The 75-inch Careboards help patients stay engaged in their care.

Image from Penn Medicine

The patient room of the future is already transforming the health care experience for patients at Penn Medicine, University of Pennsylvania (UP) in Philadelphia.

That interactive, technology-driven experience begins at the door of the intelligent patient rooms in Penn’s new patient facility, The Pavilion, a 500-bed, 1.5 million-square-foot facility on the UP campus. Instead of a whiteboard or sticky-note system, key information for providers entering the room is fed into a separate digital patient door display outside of each patient’s room.

On the wall opposite their bed, patients can access a digital footwall — a 75-inch screen, or “Careboard” — providing real-time communication, entertainment and other content from a single interface. The screen splits into multiple windows to display different sets of information most important to patients. 

From the comfort of their beds, patients can change the room temperature, raise the shades, order food, have a video chat with family members and consult with health care staff in real time, along with many other functions.

Ultimately, the goal is to leverage the innovative, interconnected technology to achieve higher levels of patient engagement and satisfaction and, above all, give patient control over their own health care experience. 
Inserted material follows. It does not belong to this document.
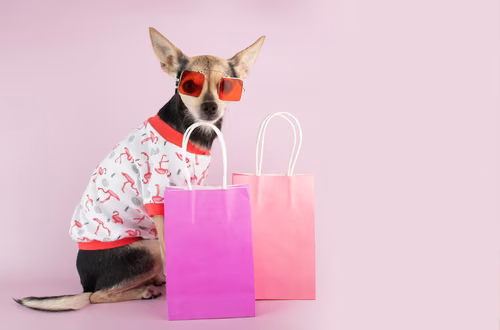 Te 2 znaki zodiaku zawsze wydają fortunę w sklepie! „Lista zakupów? A co to takiego?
“Technology will make our clinician’s job easier and more efficient, and it will also make the patient’s communication with their family or their physicians much easier. That’s what I’m most excited about,” says Kathryn Gallagher, R.N., NE-BC, clinical liaison at PennFIRST, the team behind The Pavilion at Penn Medicine.

The low-voltage equipment is seamlessly integrated in the patient room and beyond to create a cohesive system that aligns patients, clinicians, IT and the hospital’s needs. 

Schneider Electric served as a technology consultant on the PennFIRST team throughout the design and construction of The Pavilion, reviewing the low-voltage systems and possible integrations to be designed and delivered in the new facility. 

“Schneider Electric works with health care systems like Penn Med to design labs where we’re able to test out health care innovations and system technologies,” says Warren Rosebraugh, director of buildings segment solutions.